この基本部会は、既存の分科会や部会を横断するようなテーマを議論するもので、直近の法改正について具体的な検討を行う機関ではありません。しかしながら、基本部会は今後の労働政策に関し、中長期的な観点からの検討・提言がなされる貴重な場であり、その議論の内容からは、今後の制度改革の方向性をつかむことができます。
2.働き方の現状と課題
本報告書では、「社会・経済の現状と課題」を踏まえ、「働き方の現状と課題」について、分析が行われています。ここでは、労務管理実務との関わりが強い、「人事制度」(ジョブ型人事)についての分析について、その骨子を紹介します。
・「ジョブ型雇用」は狭義では職務が雇用契約に明記・限定される雇用形態であり、欧米でブルーカラー中心に採用されてきたものが、近年、日本ではホワイトカラー中心に「職務と処遇の明確化」という観点から導入の動きがある。

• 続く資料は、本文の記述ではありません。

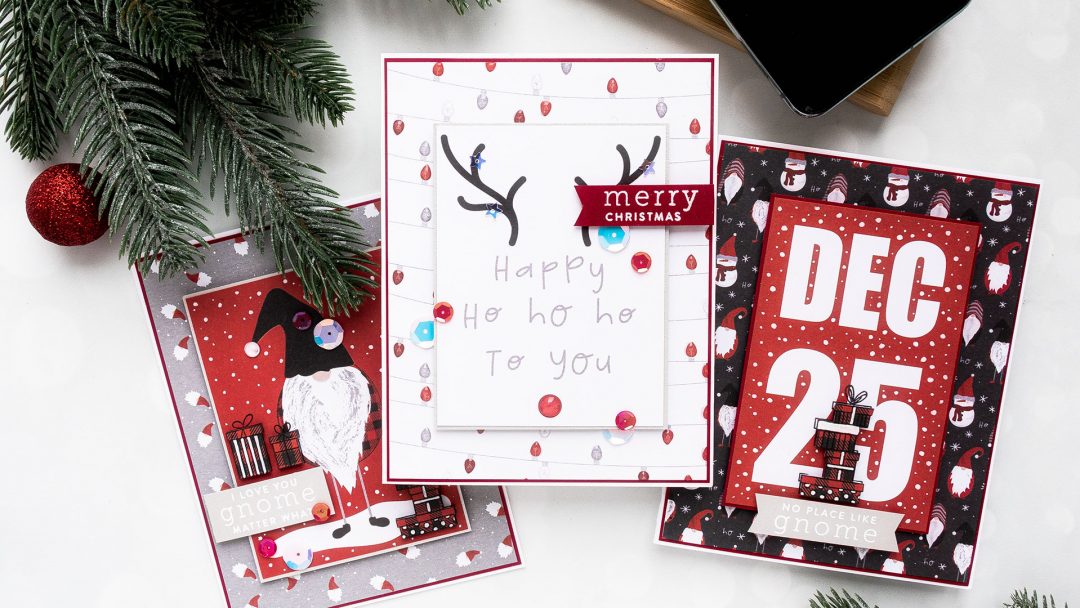 Simon Says Stamp | December 2019 Card Kit - 3 Card Ideas by Yana Smakula #sssck #cardmaking #christmascard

・ジョブローテーションによる若手育成が困難になるなどの留意点があり、多様な人材の力の発揮と人材育成を阻害しないよう、企業内での労使の対話が特に重要である。また、ジョブ型人事の導入には、次のような配慮も必要である。
①ポストに見合った人材を広く社内外から求める
②キャリアアップに伴う再教育支援の仕組み
③労働者一人ひとりのキャリア志向に対応する
④職務以外の情報共有や組織貢献意欲を促す仕組み
3.今後の労働政策の方向性について
ここでは、「働き方の現状と課題」を踏まえ、「企業に求められる対応」、「労働者に求められる対応」、「労働政策において今後検討すべき対応」、「社会全体に求められる対応」について、その方向性が提示されています。本稿においては、今後の法改正の方向性を示す「労働政策において今後検討すべき対応」の骨子を紹介します。いずれも、基本的には、近年の法改正の方向性を踏襲し、さらに推し進めるものとみることができます。
・多様な人材が能力を発揮できるよう、「女性や高齢者などの働き方に中立的な税制・社会保障制度の構築」、「雇用によらない働き方など様々な働き方の人を重層的なセーフティネットに組み入れていくこと」が課題である。
・自発的に労働移動を行う労働者の転職の参考となるよう、以下のような方法により、転職しやすい環境整備(労働市場の基盤整備)を進めていくべきである。
①労働市場の見える化(職場情報・職業情報)
②異業種間でも業務の親和性のある仕事の事例の積極的周知広報
③ハローワークサービスのデジタル化による、オンラインサービスやキャリアコンサルティング機能の充実など在職者向け支援の強化
・従来の「安全・安心」重視の対応に加え、「労働市場のセーフティネットを整備しつつ、労働者のスキルアップ・向上を目指す」ことを重視していくべきである。